7 сентября во время беседы с Молотовым, Ждановым и Димитровым Сталин подчеркнул межимпериалистический характер начинающейся войны[790]
. Согласно этой логике, помочь более слабому (Германия) для ослабления более богатого (Великобритания) никак не противоречило долгосрочным целям СССР. Основной принцип – остаться в стороне от войны, временно оказывая логистическую помощь Германии[791] и укрепляя свои опорные пункты в Восточной Европе. Именно в контексте советско-германской дружбы была осуществлена – в два приема и без объявления войны – аннексия балтийских стран.
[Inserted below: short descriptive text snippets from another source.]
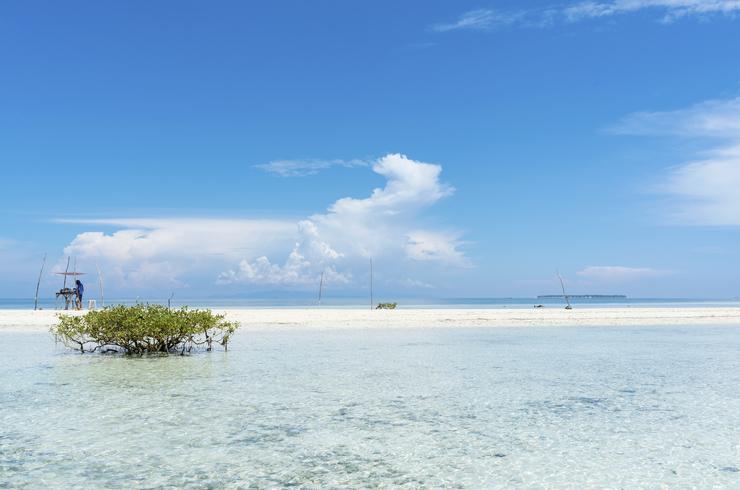 ビジネス、長期、短期、インターンシップ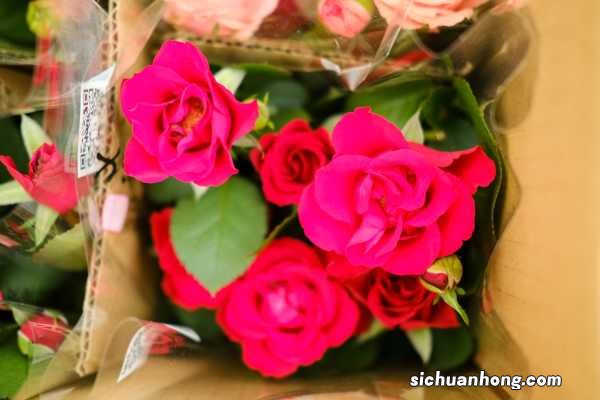 月季花用什么肥料最佳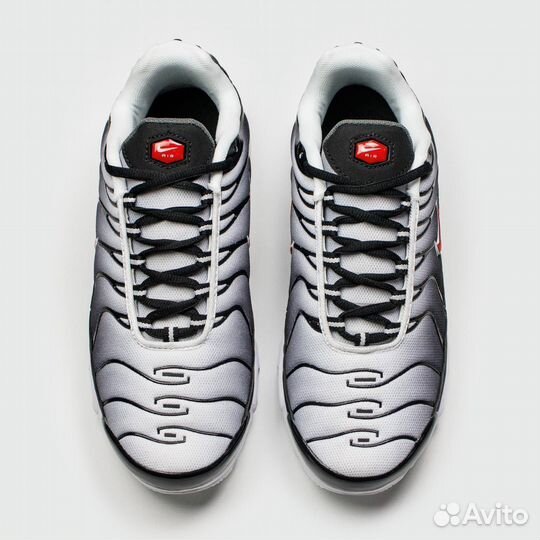 Кроссовки Nike Air Max Plus Tn Grey Black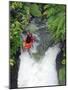 Kayak in Tutea's Falls, Okere River, New Zealand-David Wall-Mounted Photographic Print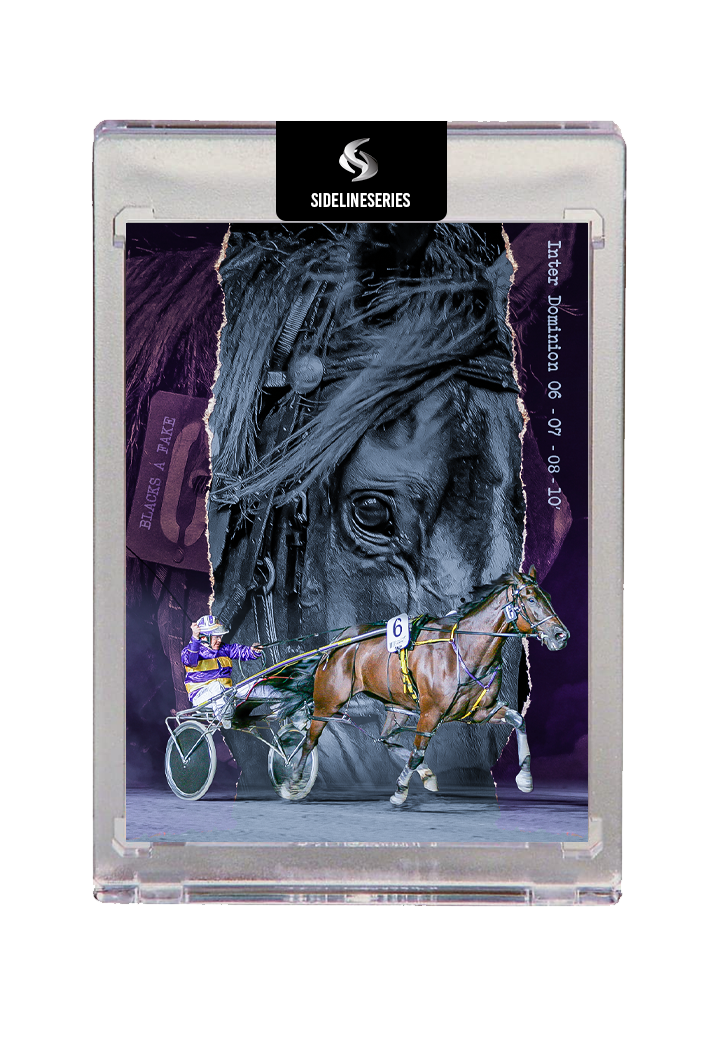Harness Racing Edition #1 Blacks A Fake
В период с 28 сентября по 10 октября 1939 года Латвия, Литва и Эстония одна за другой оказались вынуждены подписать пакты о взаимопомощи со своим могущественным соседом. Мощным стимулом в этих переговорах служило напоминание о возможности полного исчезновения этих стран по польской модели. Сталин умело спровоцировал тревогу у министра иностранных дел Латвии Вильгельмса Мунтерса во время встречи 2 октября, упомянув о немецких планах по разделу латвийской территории вдоль Даугавы. Такой проект действительно обсуждался на переговорах 23 августа и был отклонен ввиду твердого намерения советских властей включить в свою зону влияния всю территорию Латвии.В основе первого ультиматума, направленного Эстонии, лежал инцидент с польской подводной лодкой «Ожел» («Орел»), интерпретированный следуя логике «косвенной агрессии» Молотова. Боевые действия в Польше привели к бегству военных и гражданских лиц в балтийские страны и в Румынию. Опасаясь советской реакции на появление значительного количества поляков, эти страны поспешили разоружить и интернировать польских офицеров и солдат, чтобы тем самым продемонстрировать Москве свою добрую волю. В момент разгрома Польши «Ожел» оказался в таллинском порту, где, руководствуясь международно-правовым статусом нейтралитета, его задержали эстонские власти. Однако 17 сентября эстонцы позволили подводной лодке уйти в Великобританию. Ничего другого Москве и не требовалось, чтобы заявить о несостоятельности эстонского нейтралитета, а главное, о неспособности эстонской армии контролировать свое побережье. Теперь необходимым условием для обеспечения безопасности побережья и залива в целом было объявлено присутствие советского флота, подводных лодок и авиации. Речь шла о том, чтобы помешать «другим державам» использовать балтийское побережье как плацдарм для нападения на СССР[792]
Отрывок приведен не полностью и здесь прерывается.